• **Material to process**

.....

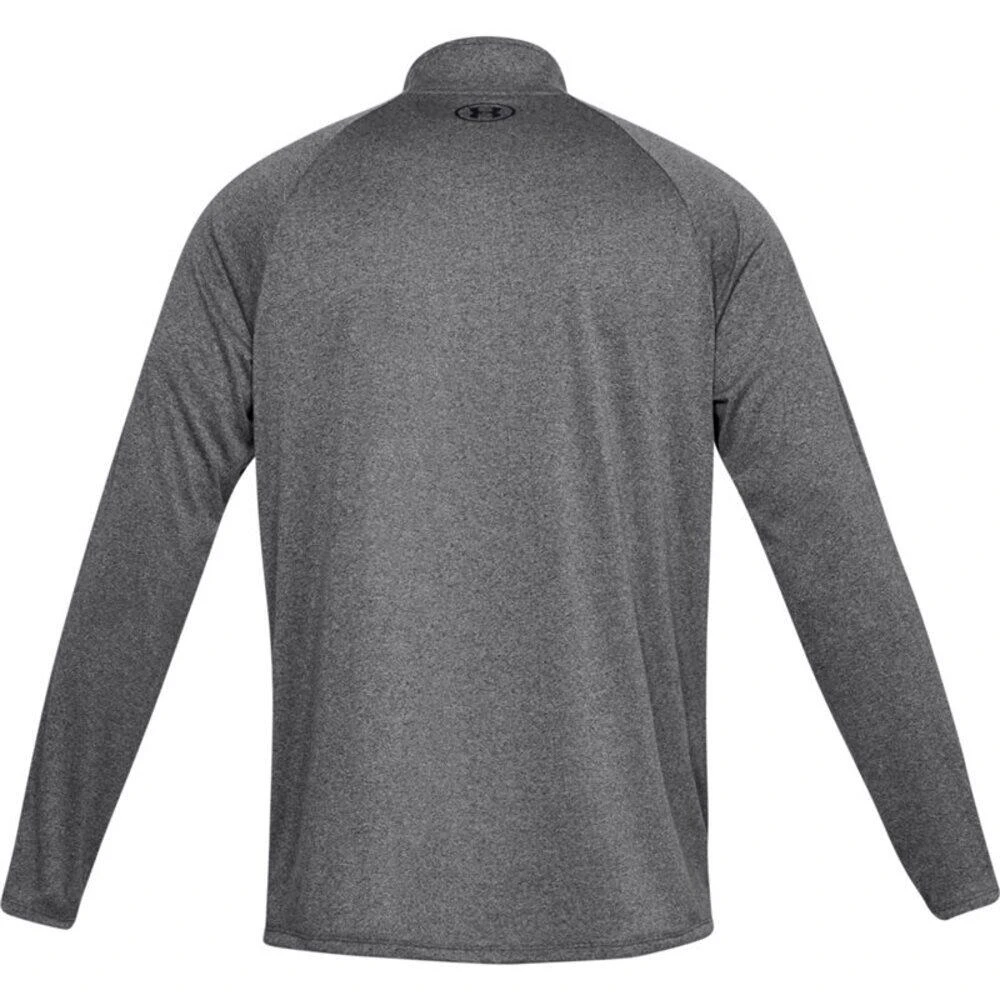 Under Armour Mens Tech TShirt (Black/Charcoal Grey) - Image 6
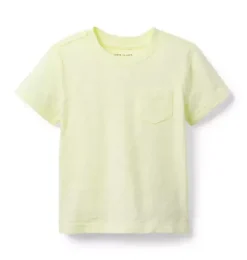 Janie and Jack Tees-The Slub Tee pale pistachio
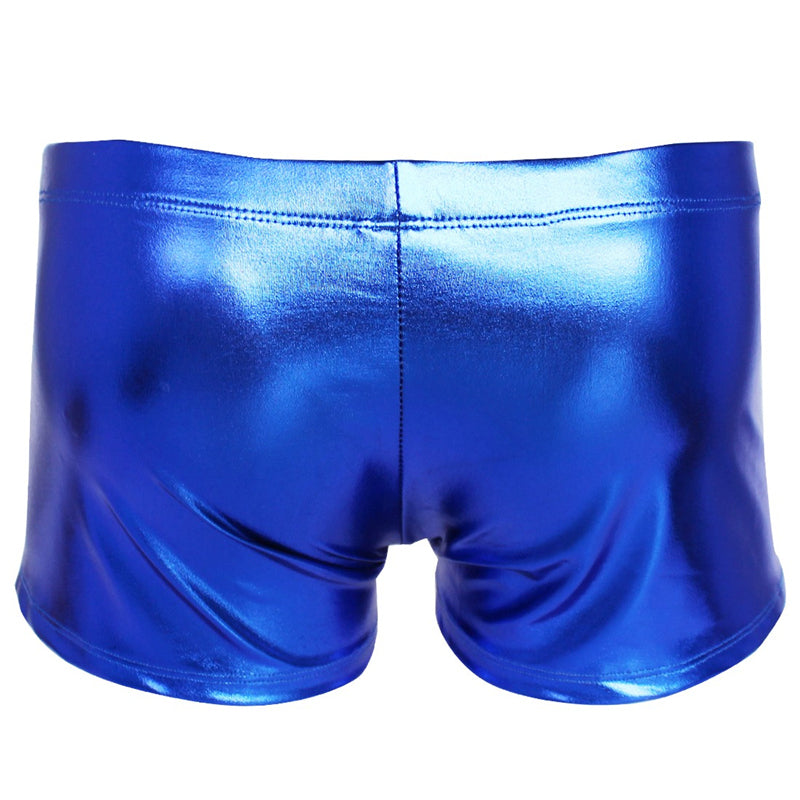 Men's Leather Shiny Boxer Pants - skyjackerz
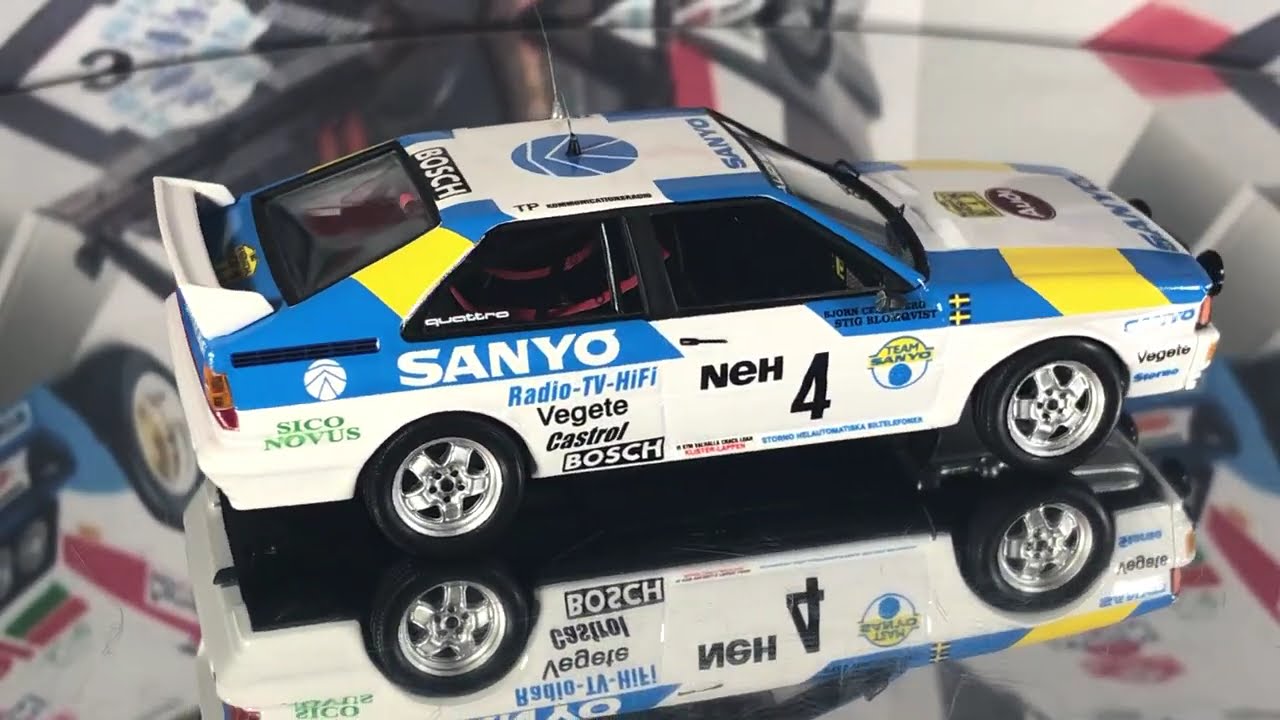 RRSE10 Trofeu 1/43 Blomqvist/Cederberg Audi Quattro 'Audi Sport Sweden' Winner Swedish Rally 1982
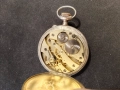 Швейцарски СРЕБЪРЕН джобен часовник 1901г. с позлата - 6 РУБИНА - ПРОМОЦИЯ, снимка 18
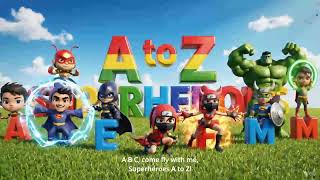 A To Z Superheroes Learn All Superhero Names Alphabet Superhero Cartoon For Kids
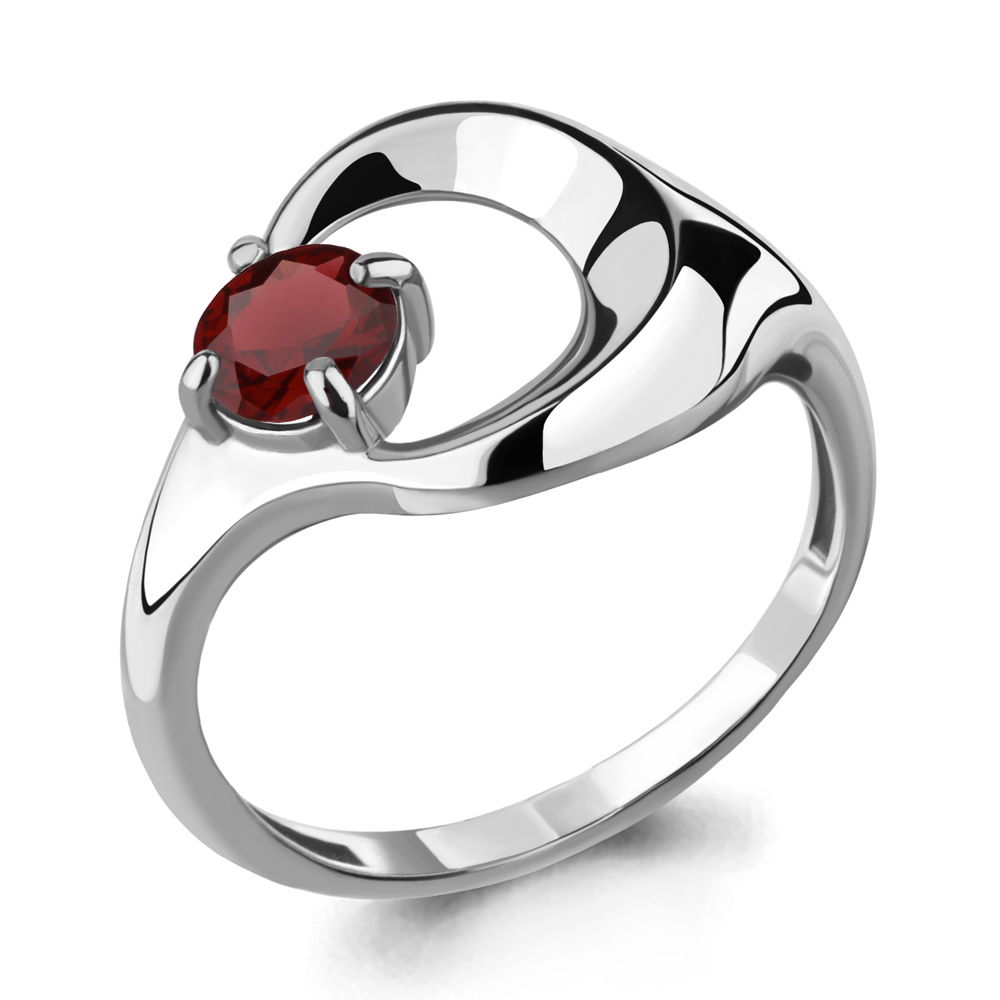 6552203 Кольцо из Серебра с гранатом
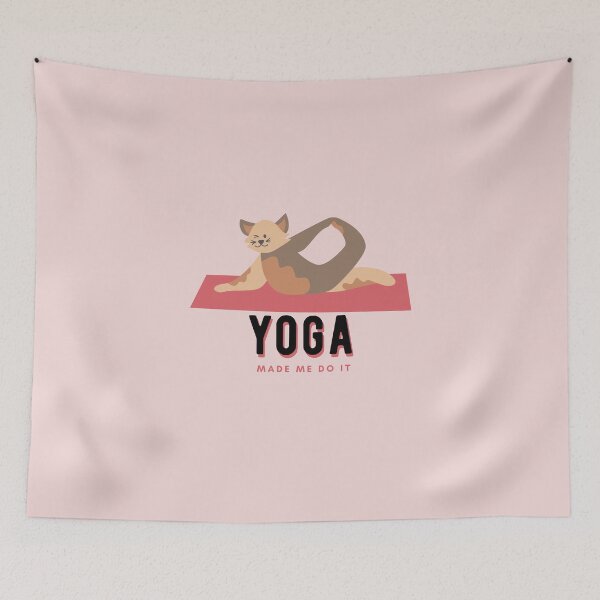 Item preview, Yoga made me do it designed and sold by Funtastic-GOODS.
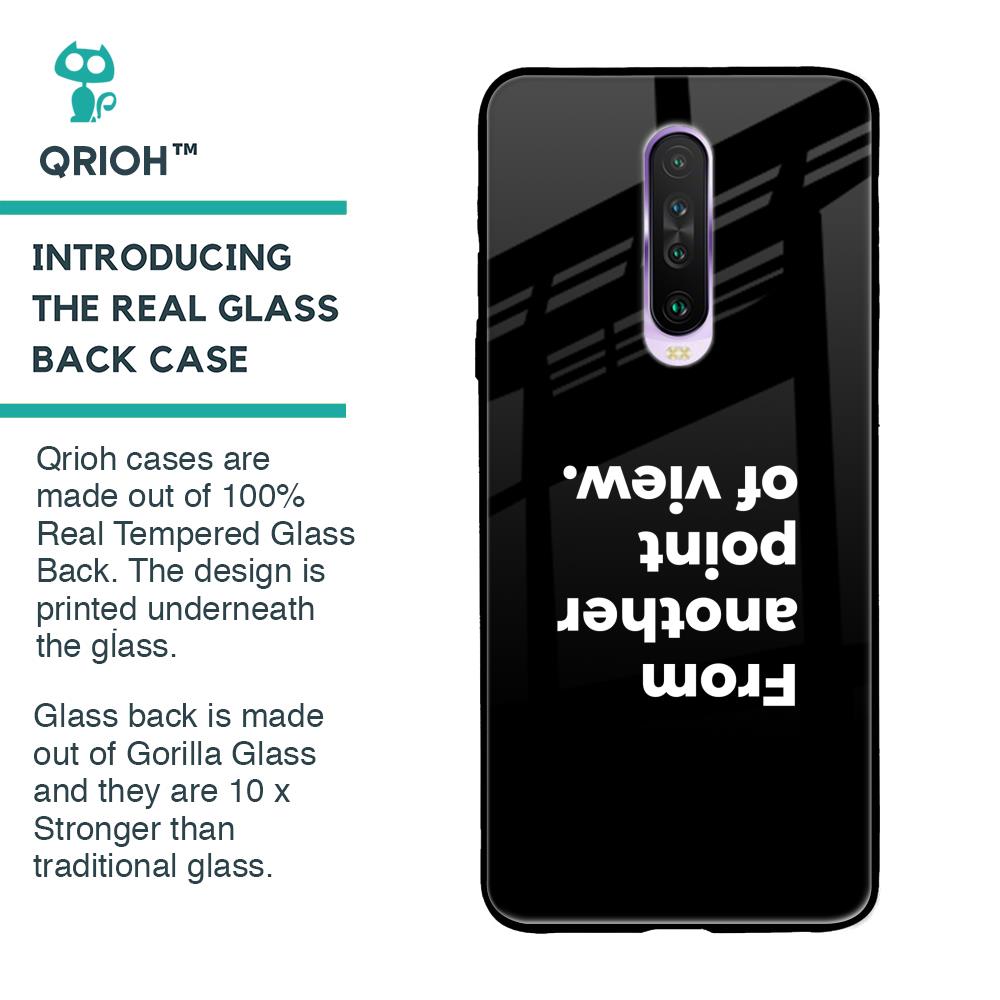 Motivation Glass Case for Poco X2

.....

• **Exercise directions**
Give again, word for word, the lines above from the one with "A To Z Superheroes" through the final line of the data, both ends included. Do not copy any picture.

• **Your solution**
 A To Z Superheroes Learn All Superhero Names Alphabet Superhero Cartoon For Kids
 6552203 Кольцо из Серебра с гранатом
 Item preview, Yoga made me do it designed and sold by Funtastic-GOODS.
 Motivation Glass Case for Poco X2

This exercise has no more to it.